* _TASK MATERIAL_:
-- Opening Marker --
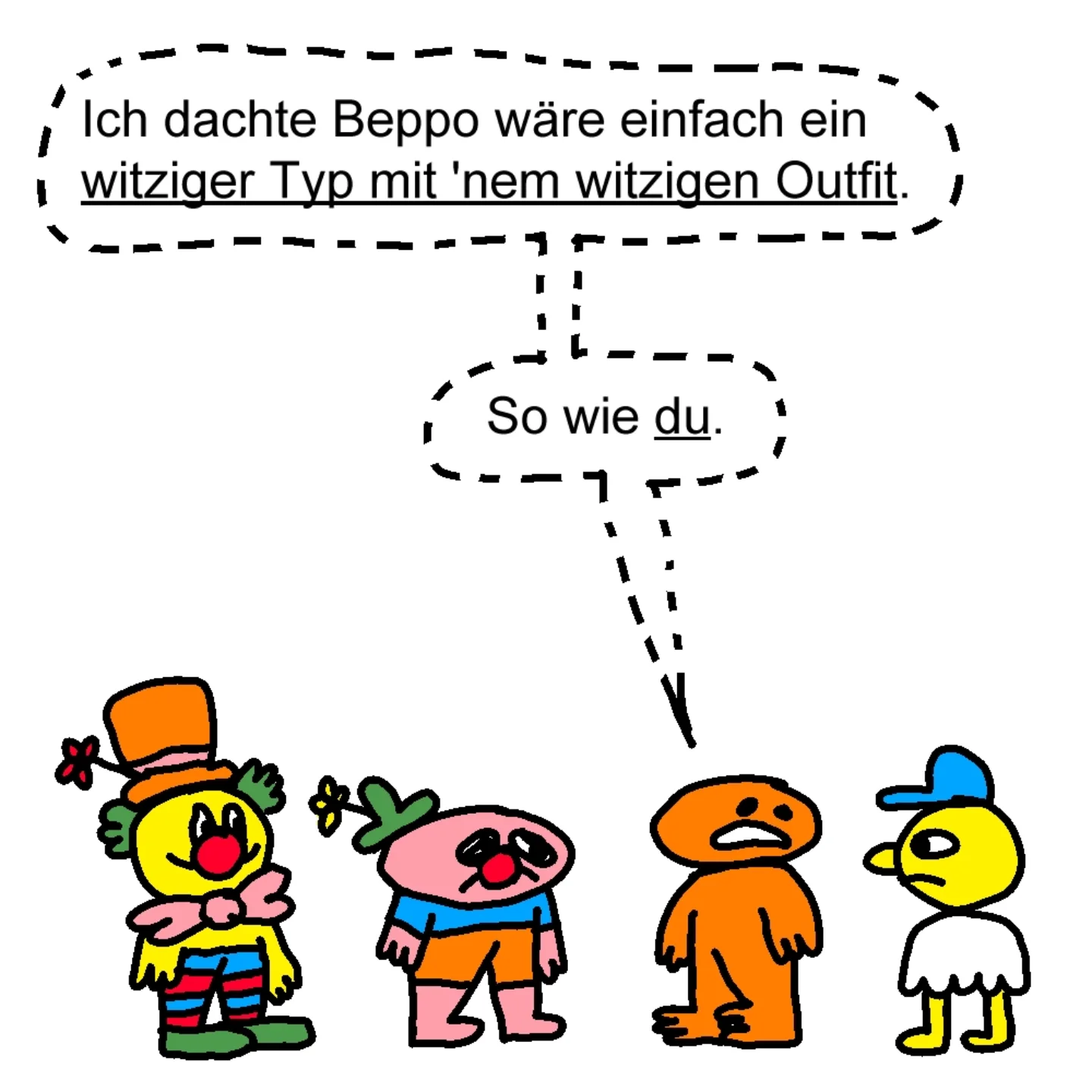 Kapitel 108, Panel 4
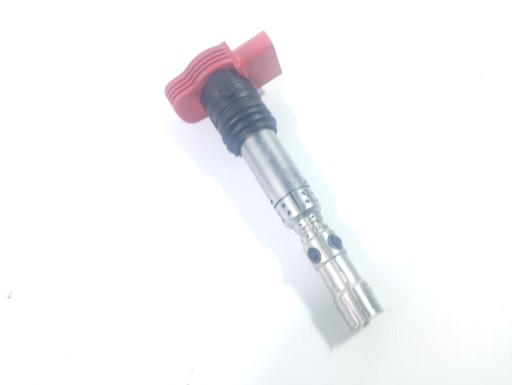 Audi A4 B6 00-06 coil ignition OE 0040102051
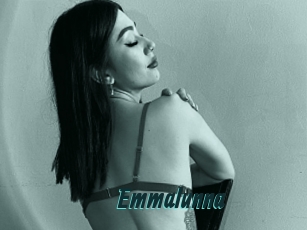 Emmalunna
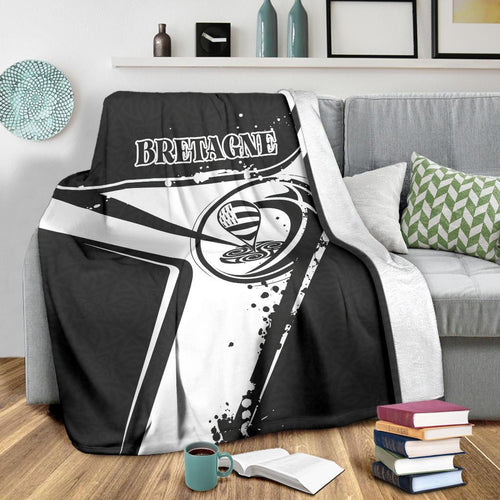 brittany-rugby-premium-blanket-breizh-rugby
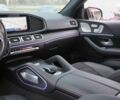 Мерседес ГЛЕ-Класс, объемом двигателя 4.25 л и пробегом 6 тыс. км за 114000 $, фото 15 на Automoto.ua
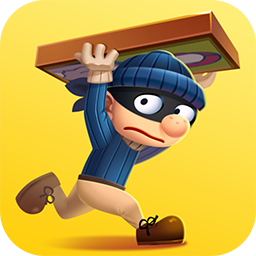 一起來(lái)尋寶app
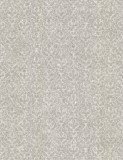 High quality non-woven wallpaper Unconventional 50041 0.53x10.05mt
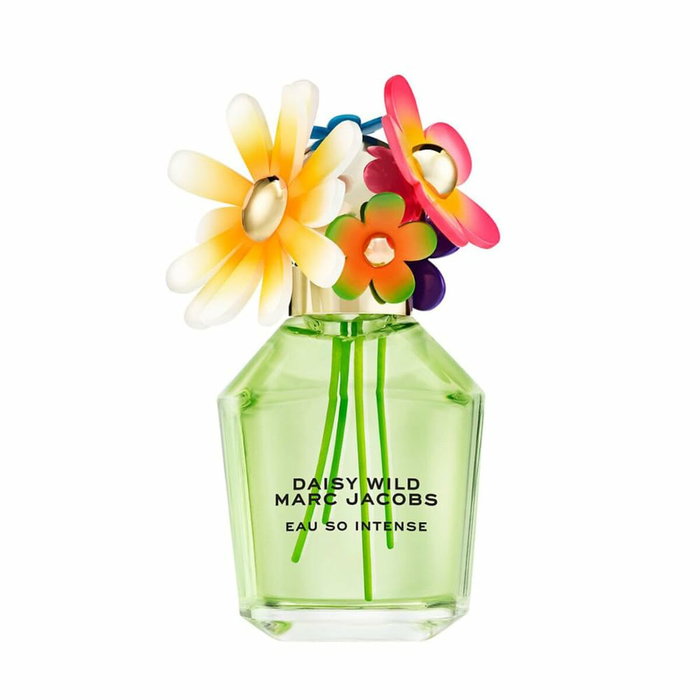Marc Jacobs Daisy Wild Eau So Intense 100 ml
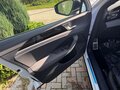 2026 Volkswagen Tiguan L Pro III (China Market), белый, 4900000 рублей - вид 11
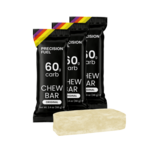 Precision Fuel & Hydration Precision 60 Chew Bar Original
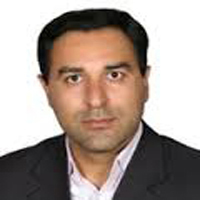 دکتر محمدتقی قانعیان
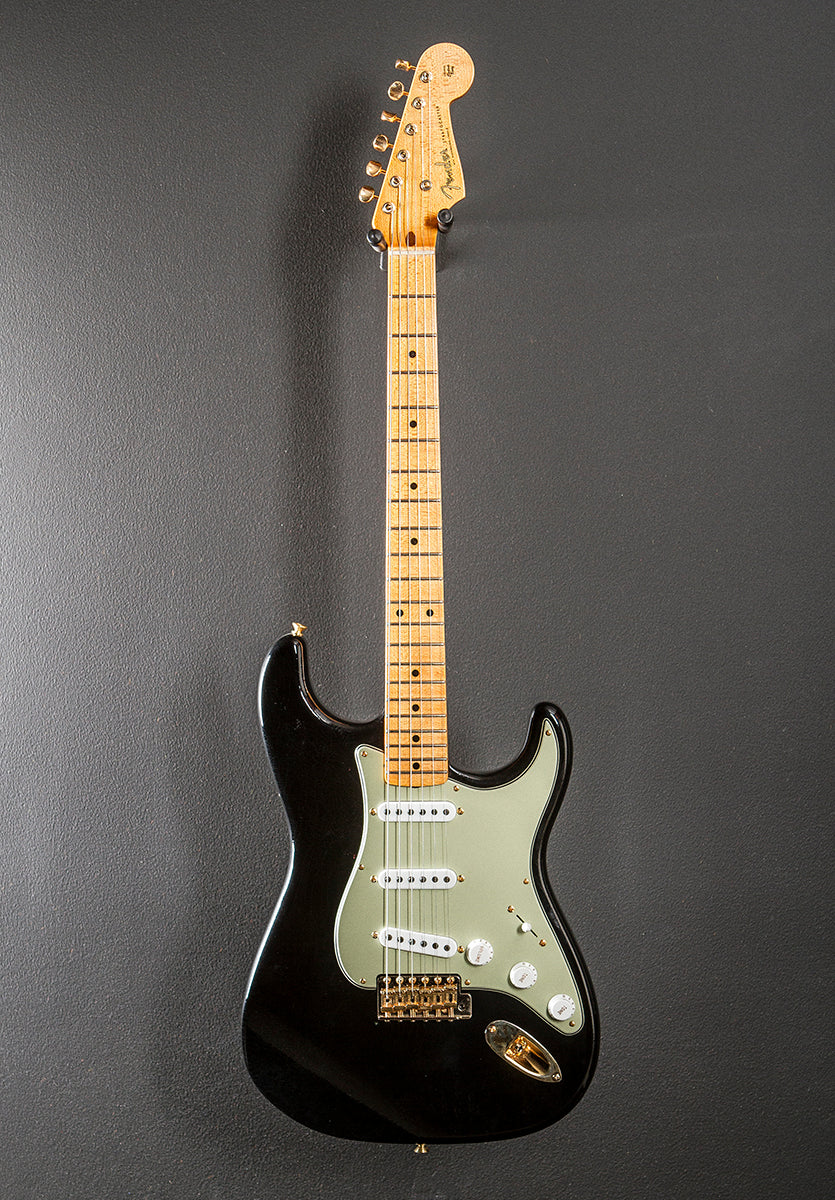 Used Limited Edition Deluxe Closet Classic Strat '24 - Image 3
-- Closing Marker --
-- Opening Marker --
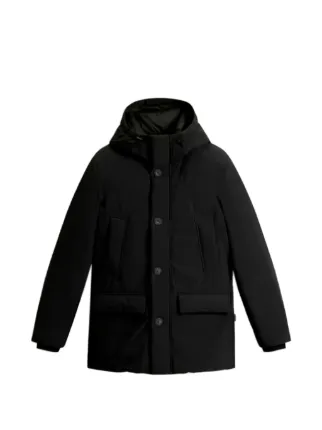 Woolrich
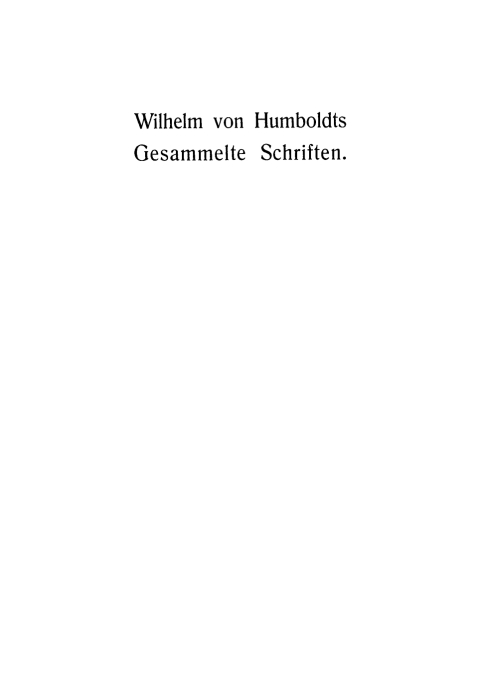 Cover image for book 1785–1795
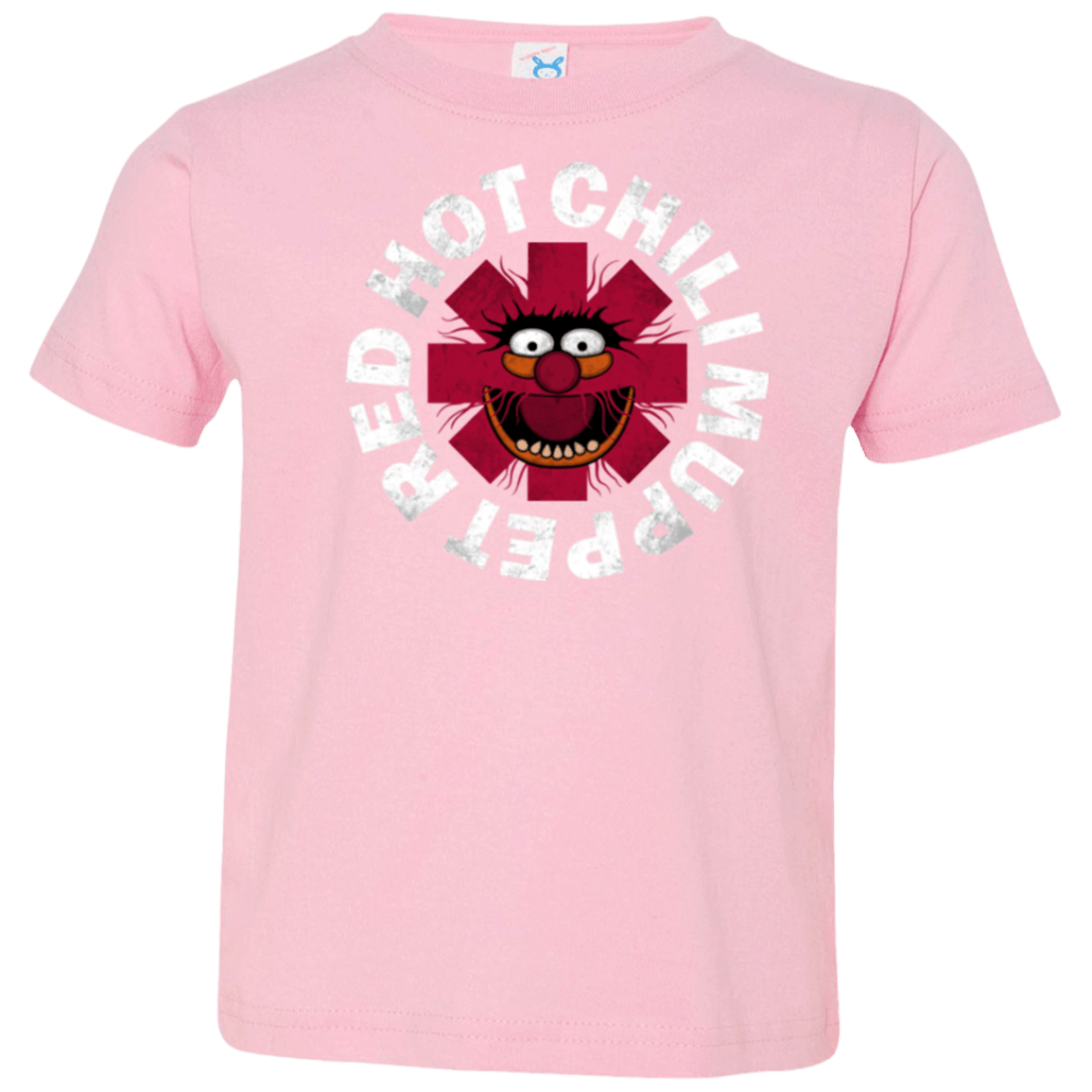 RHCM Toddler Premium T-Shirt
-- Closing Marker --
* _WHAT TO PRODUCE_:
Reproduce exactly the lines above that run from the one with "Kapitel 108, Panel 4" to the one with "High quality non-woven", both included, leaving pictures out.

* _SOLUTION TO THIS PROBLEM_:
 Kapitel 108, Panel 4
 Audi A4 B6 00-06 coil ignition OE 0040102051
 Emmalunna
 brittany-rugby-premium-blanket-breizh-rugby
 Мерседес ГЛЕ-Класс, объемом двигателя 4.25 л и пробегом 6 тыс. км за 114000 $, фото 15 на Automoto.ua
 一起來(lái)尋寶app
 High quality non-woven wallpaper Unconventional 50041 0.53x10.05mt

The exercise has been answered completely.